The restoration was great, by far the best print I have ever seen of the film and the vintage score was terrific. Ben Burtt has added battle sounds to the war footage and plane sounds, used very effectively in the scene with Gary Cooper, so if you are silent film purist, be aware.


"My father was Wild Bill, I'm Mild Bill." Bill Wellman, Jr being introduced by Tom Brown after the screening. More later!


"I have to tell ya, I'm friggin' nervous" Ben M confided to the audience as he prepared to introduce Kirk Douglas at the screening of *20,000 Leagues Under the Sea*.


The crowd roared and jumped to their feet as Kirk Douglas took the stage.


Ben did just fine and even got Douglas to sing the first verse of A Whale of a Tale. They talked at length about Douglas and the breaking of the backlist. Kirk has a new book coming out this summer called I am Sparatcus about the making of the film and his decision to credit Dalton Trumbo on screen.


"Sweet Mystery of Life at last I've found you"- Once again TCM's King of Cool, Tom Brown singing as he approached the stage to introduce Mel Brooks at the screening of *Young Frankenstein*.

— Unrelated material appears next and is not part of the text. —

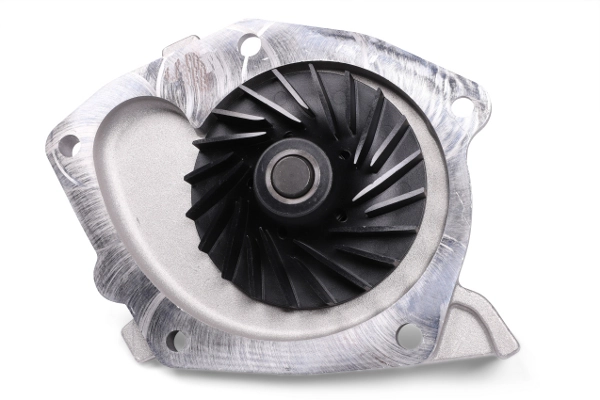 Water Pump, engine cooling P966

He asked the audience how many had seen *Frankenstein* and *Son of Frankenstein* earlier in the day. Hands all around the theater shot up. "You may be feeling like you have a case of whiplash before this film is over." he told them.


As part of the "housekeeping" announcements, he reminded people to turn off their cell phones and to refrain from taking pictures of the screen during the movie.


"If you take a picture of a projected image, you get nothing. Besides, you can buy this film on DVD."


Mel was in terrific form. He told the story about seeing the original *Frankenstein* in 1931 when he was 5 years old. He was afraid that the monster would climb through the fire escape window of the family's 5th story apartment, kill him and eat him.


That is till his mother explained that the monster would have to take a train from Translyvania, then a boat across the ocean, the subway to Brooklyn and would likely go after the first floor neighbors before climbing five flights of the fire escape.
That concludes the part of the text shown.